#### WHAT YOU SHOULD DO:
For the records that follow, restate each one word for word and leave the images behind.

#### Stored items from a collection:
-=-=-

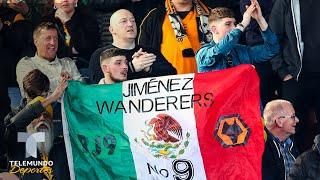 Gracias a Raúl Jiménez, Wolves tiene más fans mexicanos que ingleses | Telemundo Deportes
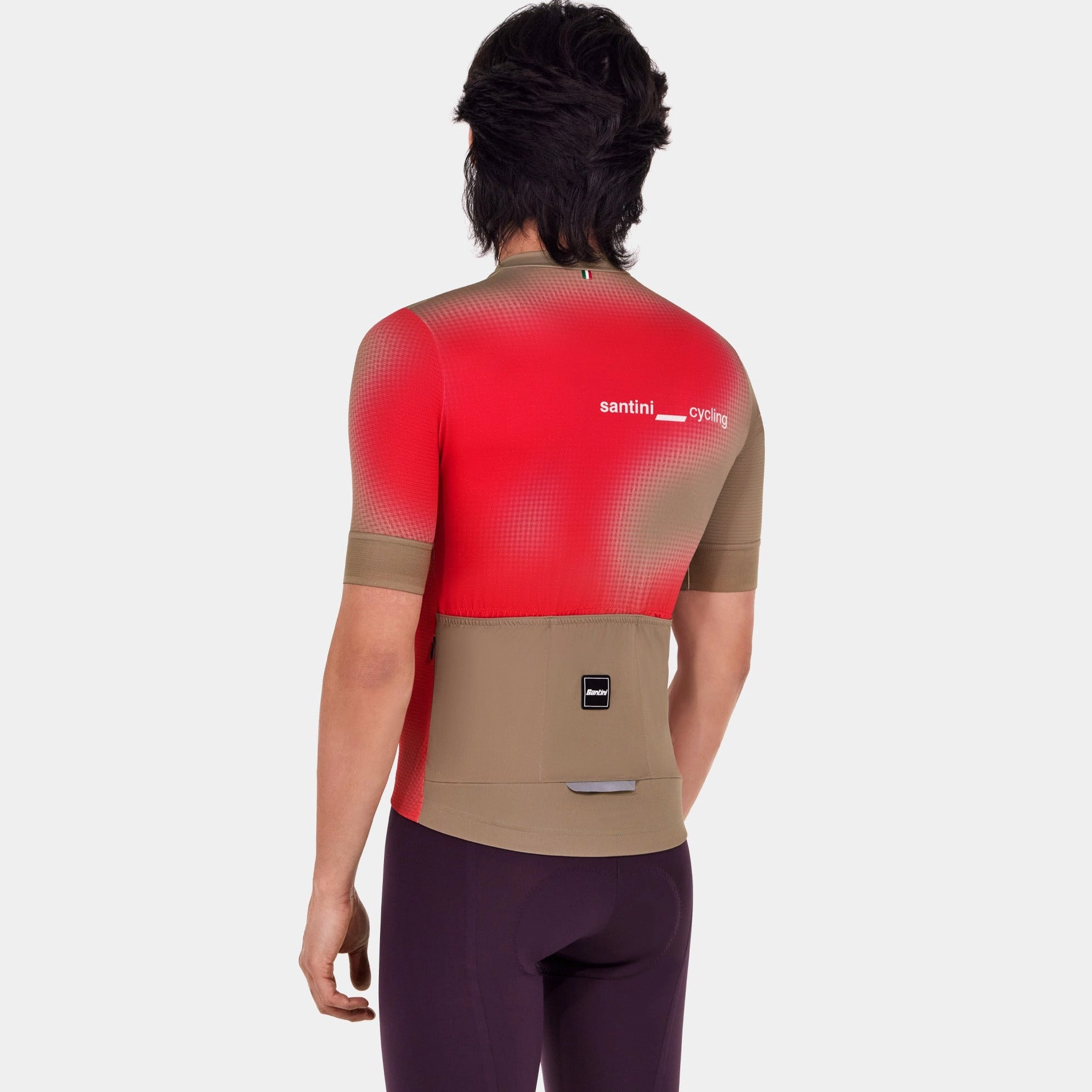 Santini Spot jersey - Pink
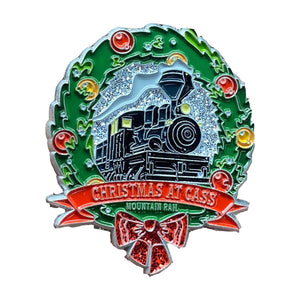 Christmas At Cass Lapel Pin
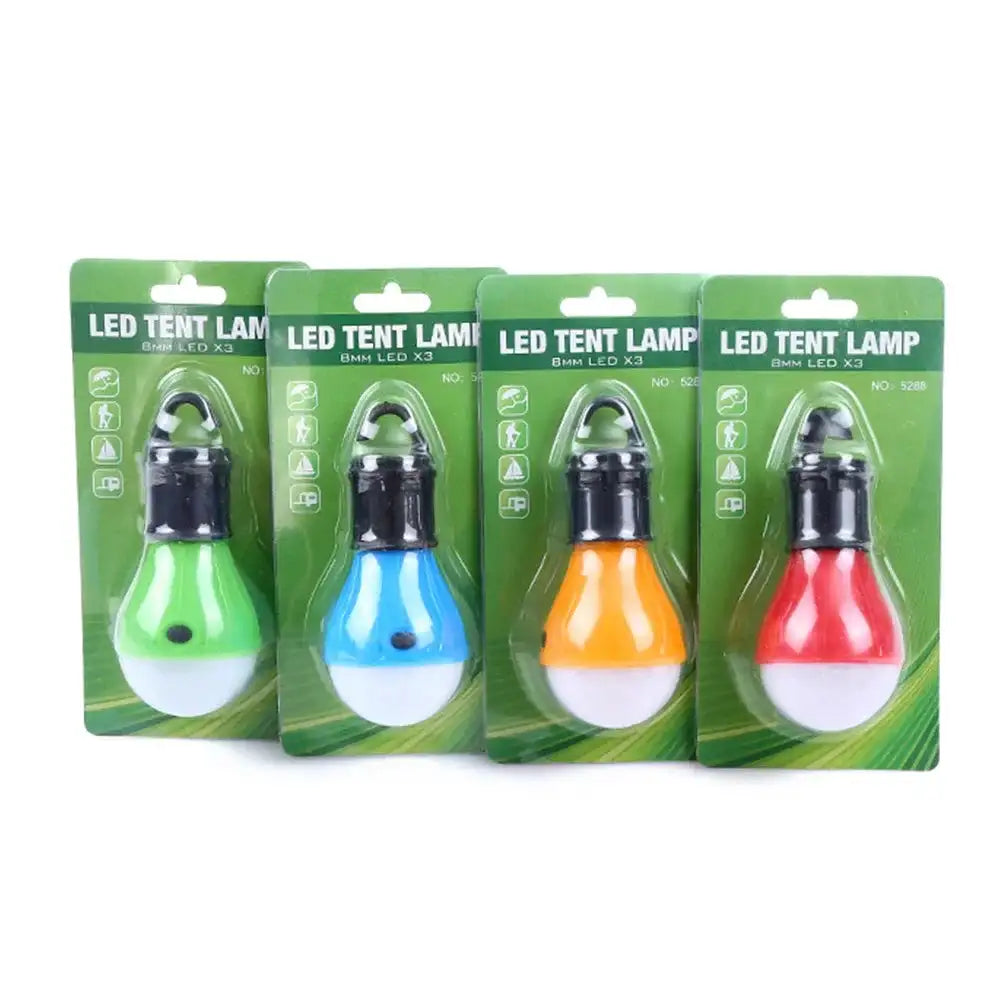 Mini LED Lamp Bulbs Outdoor Camping Light Night Market Lamp Tent Lights Waterproof Emergency Lantern Hanging Lights - Lootquake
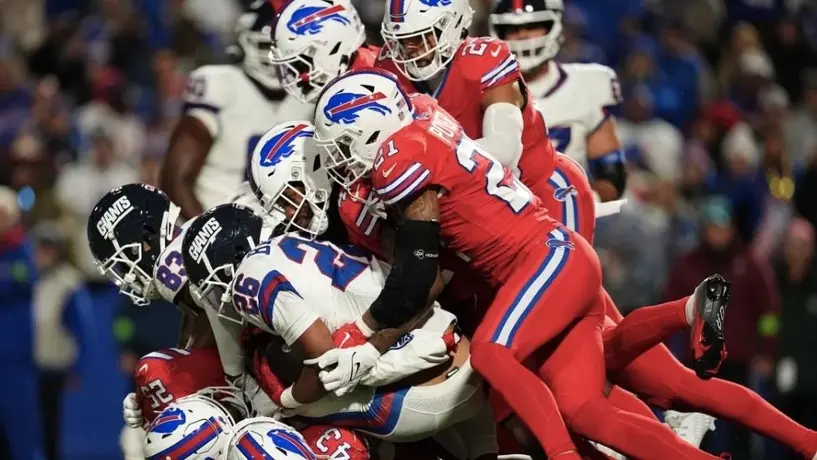 Bills viene de atrás, vence a los Giants y vuelve a la senda de triunfo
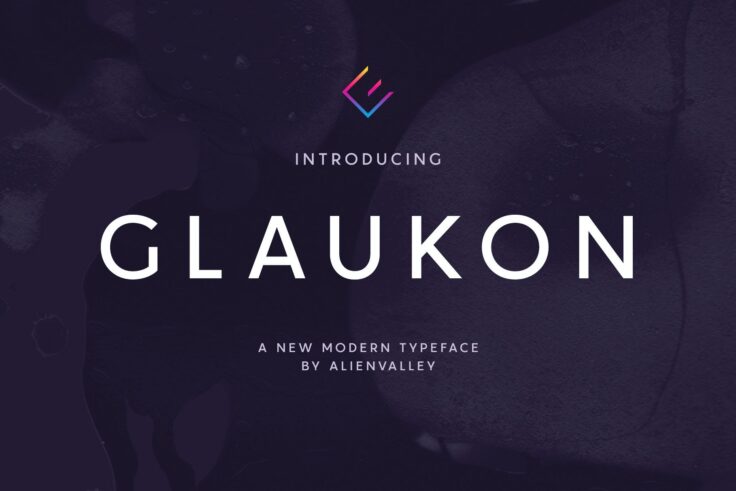 View Information about Glaukon Font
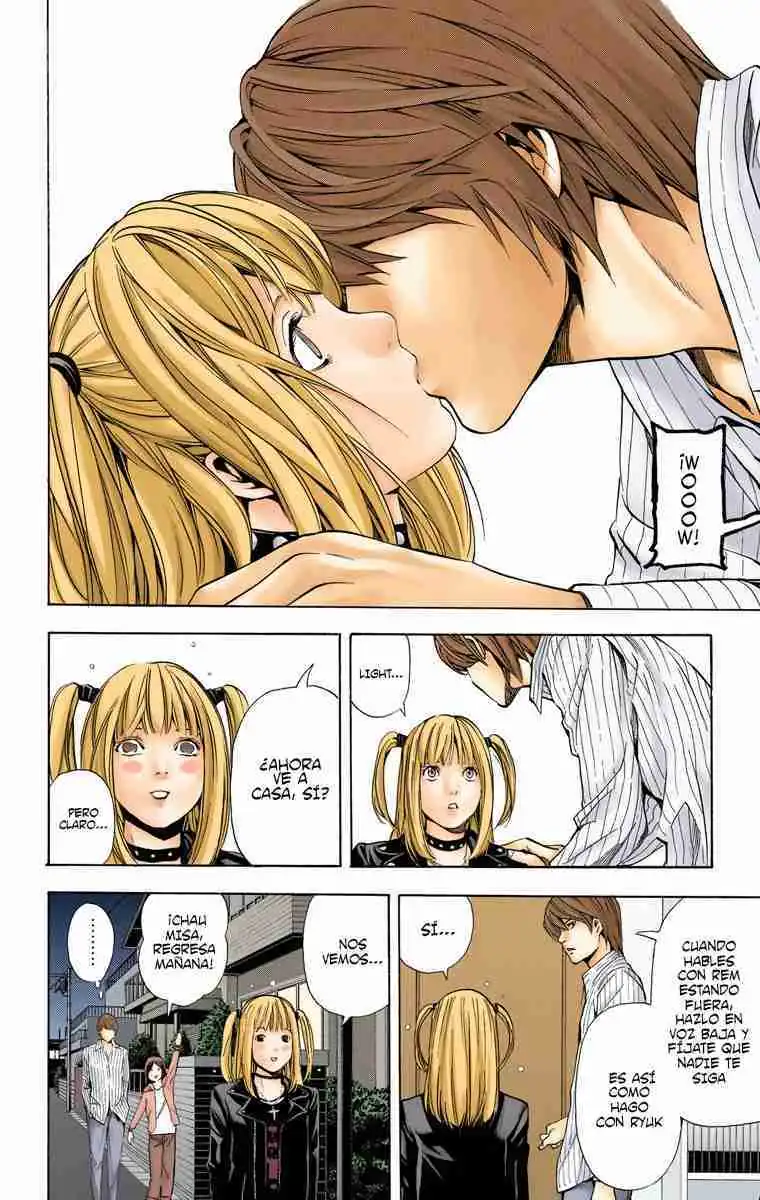 Página 4 — Death Note - full color Capítulo 32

-=-=-

#### OUTPUT FOR THIS EXERCISE:
 Gracias a Raúl Jiménez, Wolves tiene más fans mexicanos que ingleses | Telemundo Deportes
 Santini Spot jersey - Pink
 Christmas At Cass Lapel Pin
 Mini LED Lamp Bulbs Outdoor Camping Light Night Market Lamp Tent Lights Waterproof Emergency Lantern Hanging Lights - Lootquake
 Bills viene de atrás, vence a los Giants y vuelve a la senda de triunfo
 View Information about Glaukon Font
 Página 4 — Death Note - full color Capítulo 32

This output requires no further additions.